Supply chain attacks have been going on for awhile and will continue. Here are some ways they happen and how to protect yourself in the event of one.

Ten years ago, a foundational security company RSA, was hacked. They were foundational because they were the leader in two-factor authentication tokens. At the time, these tokens were physical devices that generated a new code every sixty seconds, similar to the soft tokens you have hopefully have now. In both cases, these tokens utilize a “seed” value to generate the codes every minute. In 2011, these seeds were stolen compromising every single RSA token globally.

Ten years later, the full story of what happened is now available because NDA’s from those involved have expired. The full and fascinating story is available in July’s issue of Wired magazine.

More recent supply chain attacks include the Solarwinds attack, and more recently the Kaseya attack, that affected over 1500 managed service providers and their customers. The news is still unraveling.

Supply chain attacks are nothing new as you can see, but they have tremendous downstream impact. Easier to target one company that could lead to hundreds or thousands of others, than to try to get to each one individually.

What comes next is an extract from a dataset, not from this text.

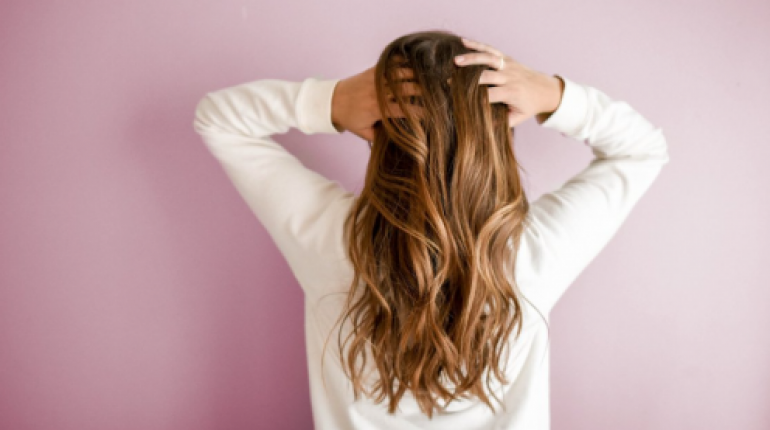 Glāb savus nedzīvos matus | Trīs sieviešu pieredze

I’d like to take a moment to highlight some lesser known, but common, attacks:

  • Chrome extension alteration

  • Open source code alteration

  • Typosquatting of open source repositories

I’ve talked about chrome extension security before, so don’t need to reiterate here.

Many of us think that because something is open source, that it’s secure and that someone has taken the time to review additional code. While the hypothesis can be true, in reality it pans out a little different. At the end of the day you may have some code maintained by one person, who’s already got a day job and is spread thin as it is. They may not have the time to review every PR and nuance.

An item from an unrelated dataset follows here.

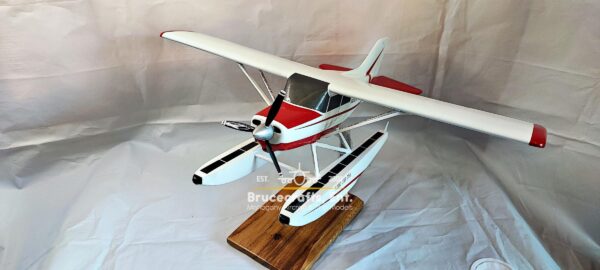 MAULE M-7-235 Floatplane with detailed craftsmanship.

It’s really up to the community to review the code, but then you have the age-old psychological conundrum called Diffusion Of Responsibility, where everyone thinks the other person will stand up to do the hard work.

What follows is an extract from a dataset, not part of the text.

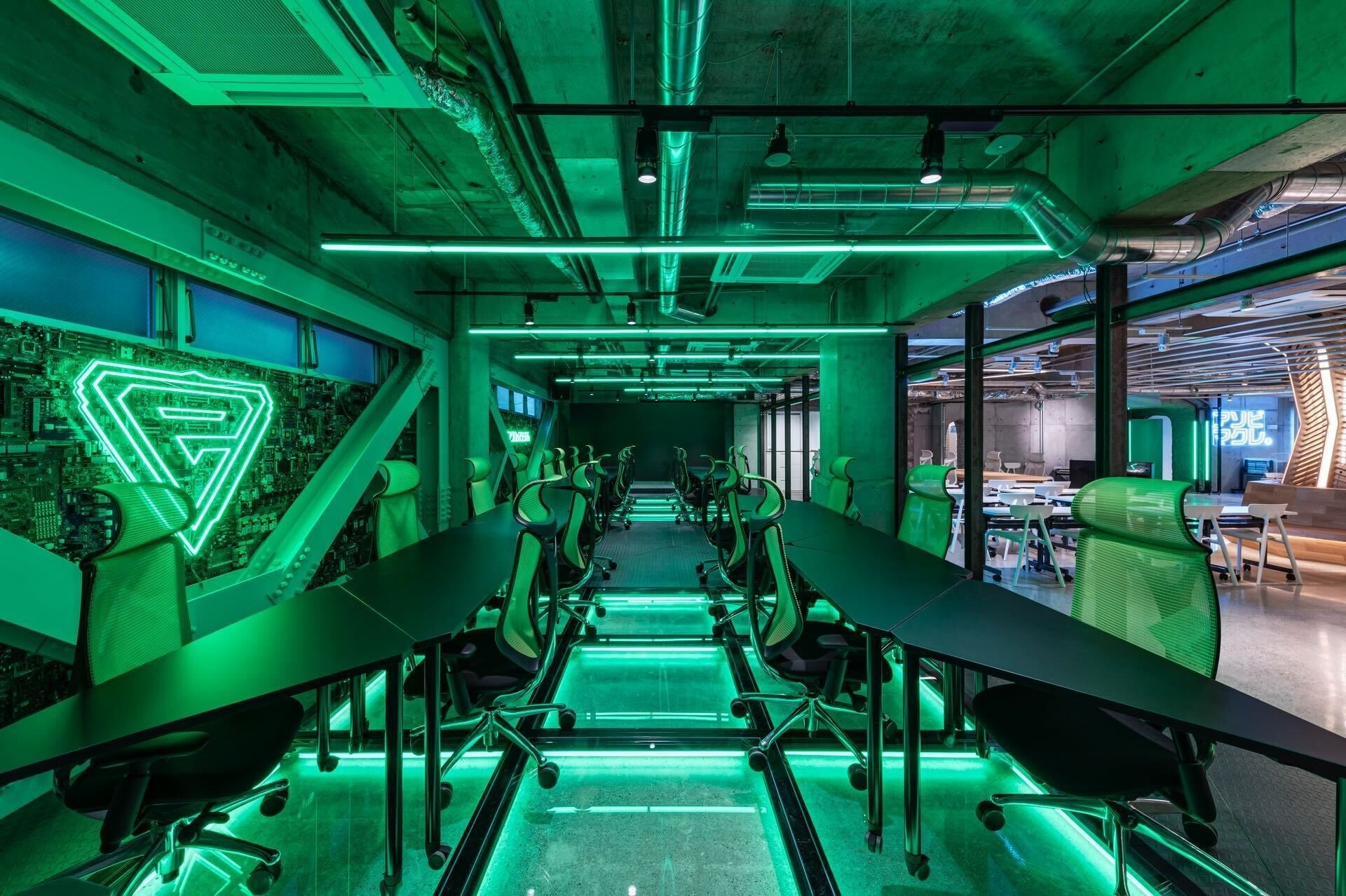 ハイスペックゲーミングPCを1人1台使用できる環境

Preventing/Minimizing Supply Chain Attacks

These attacks will continue forever. Here are some tips to better equip yourself:

  • Add signatures and verifications at every step of your code chain. There are a bunch of startups now in the space trying to solve this problem.

  • Review the authors of your upstream source repos, use well known and maintained resources.

  • Question the security of your 3rd party CI/CD plugins. Although doing so may not prevent an attack, it may help sway your opinion in the event there is a more secure competitor.

  • Limit the software that can be installed in your environment, whether it’s on your employee machines, 3rd party plugins, or etc.

  • Monitor your environment. I can't stress this enough. Here are some things to log.

  • Have an incident response plan and policy. This will come in handy and help you react calmly should a 3rd party you use be affected.